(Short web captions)
• • • • •
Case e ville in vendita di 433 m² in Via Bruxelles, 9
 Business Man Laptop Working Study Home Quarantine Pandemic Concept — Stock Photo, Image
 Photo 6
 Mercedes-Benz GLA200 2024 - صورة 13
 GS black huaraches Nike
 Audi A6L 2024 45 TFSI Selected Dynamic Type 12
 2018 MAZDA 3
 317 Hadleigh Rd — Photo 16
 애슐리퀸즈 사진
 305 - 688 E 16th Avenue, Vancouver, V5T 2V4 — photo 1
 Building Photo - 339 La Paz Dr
• • • • •
_Exercise_
Each entry above should be output again, precisely as given.

_Task solution_
Case e ville in vendita di 433 m² in Via Bruxelles, 9
 Business Man Laptop Working Study Home Quarantine Pandemic Concept — Stock Photo, Image
 Photo 6
 Mercedes-Benz GLA200 2024 - صورة 13
 GS black huaraches Nike
 Audi A6L 2024 45 TFSI Selected Dynamic Type 12
 2018 MAZDA 3
 317 Hadleigh Rd — Photo 16
 애슐리퀸즈 사진
 305 - 688 E 16th Avenue, Vancouver, V5T 2V4 — photo 1
 Building Photo - 339 La Paz Dr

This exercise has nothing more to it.